I see good, kind, well-meaning folks unknowingly wasting our precious drinking water on turf grass lawns and on water hungry landscape plants and on pretty but water wasting fountains and decorative features.
I see commercial recreational users wasting precious drinking water on huge, beautifully groomed golf course turf grass.
I see Cities, Counties and States wasting water on beautiful parks and green belts and lakes and ponds in public use areas.
I see horrid, unmitigated greed wasting water on commercial hay farms that produce dairy feed for consumption in dairy operations halfway around the world.

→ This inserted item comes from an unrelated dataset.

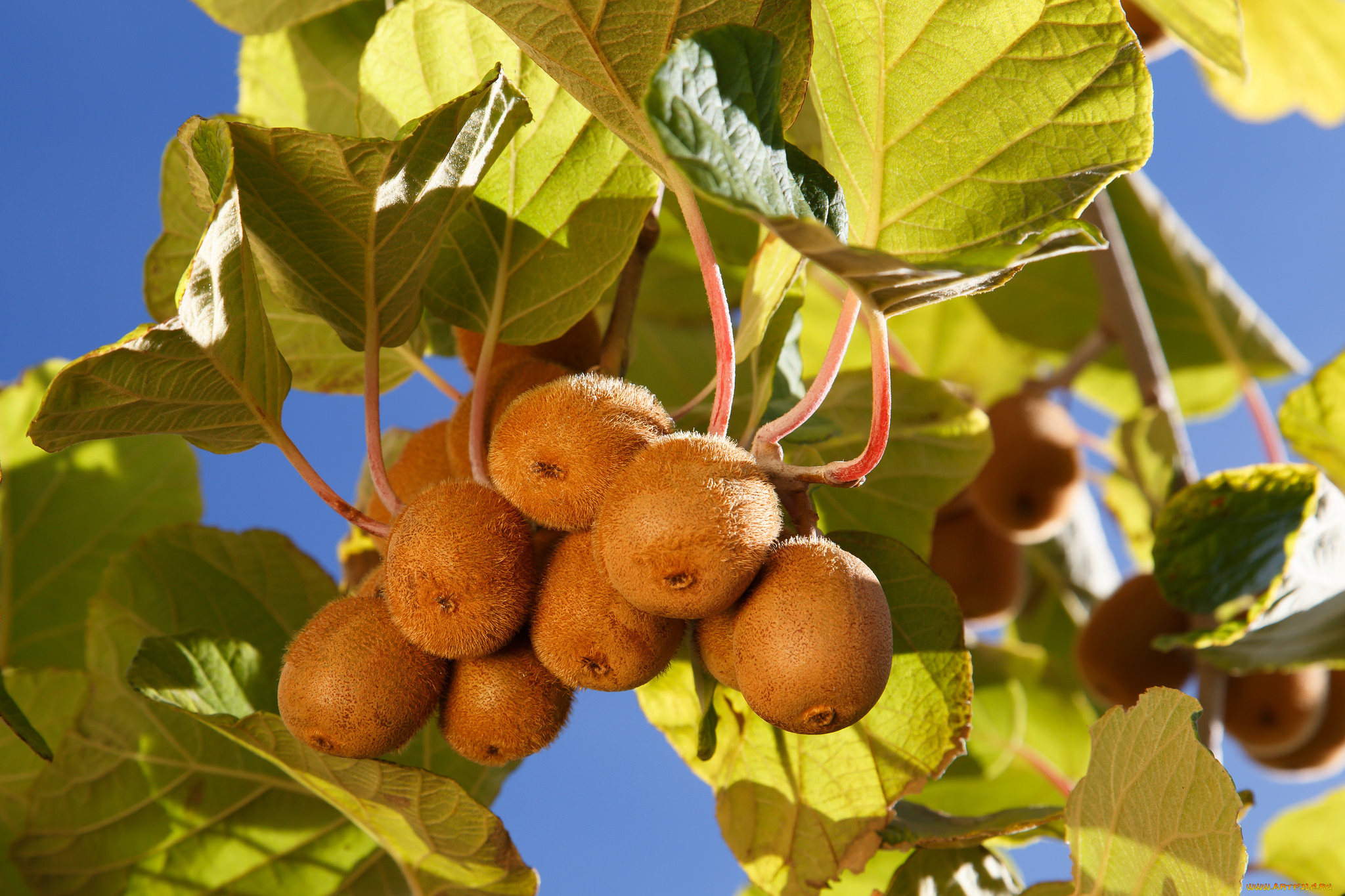 адамово дерево плоды фото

Many people will respond to my statements with comments such as, “So what, we need the beauty.” Others will say, “You are a crank, we aren’t wasting water, there’s always more.” Some continue to preach that, “There is lots of water down there,” and even our laws, sadly enough, don’t restrict water use if it is for a “beneficial purpose.” Who truly defines and determines “beneficial”? Developers are supposed to prove a 100-year supply of water available to a newly developing area of homes and businesses. The so-called proofs of those wished-for water supplies are ambiguous at best and borderline criminal at worst. Surveys, tests, studies and samplings do little more than provide a tiny glimpse of the true amount of water in any given aquifer. There are many well-meaning, highly skilled hydrologists and geologists and water witches and dowsers who assure us that we have adequate water for a century or more to satisfy our collective thirst. Unfortunately, the only real, meaningful measurements available regarding that incalculable treasure beneath our feet are the measurements of draw down or the ongoing, measurable shrinkage of the water levels under us.
A very sad reality in this matter is that the vast majority of the water available to us is fossil water, that is water that has fallen on our beautiful state over millions of years and very, very slowly percolated downward into the various aquifers we rely on. I have found no one yet who can say definitively just how long is required for rainfall to percolate all the way down to the aquifers’ upper surface. Unfortunately, we are not blessed with a vast network of creeks and streams and rivers to supply us with life giving sustenance like those water-fortunate states to our east. Our beautiful state has an extremely limited number of surface water sources and those are, each and every one, grossly over allocated. Ask any water scientist how much rain falls on Arizona in any given period and how much water we expect and demand from our aquifers. The answer is a net negative. We depend not only on our overburdened shrinking underground water sources, but we spend huge amounts of money and energy on distributing water from the Colorado River to users across our state. So, here we all are, happily, selfishly using and wasting precious water from underground and from and importing it at great cost.
There are a few valiant folks, representing us in our state legislature, who are fighting tooth and nail to address the water issues that affect all of us. Those folks need and deserve your support. I ask that you call and write your representative and your senator and voice your support for the measures they are fighting for to save that one irreplaceable resource without which we cannot live. Life giving and sustaining nectar of life, water.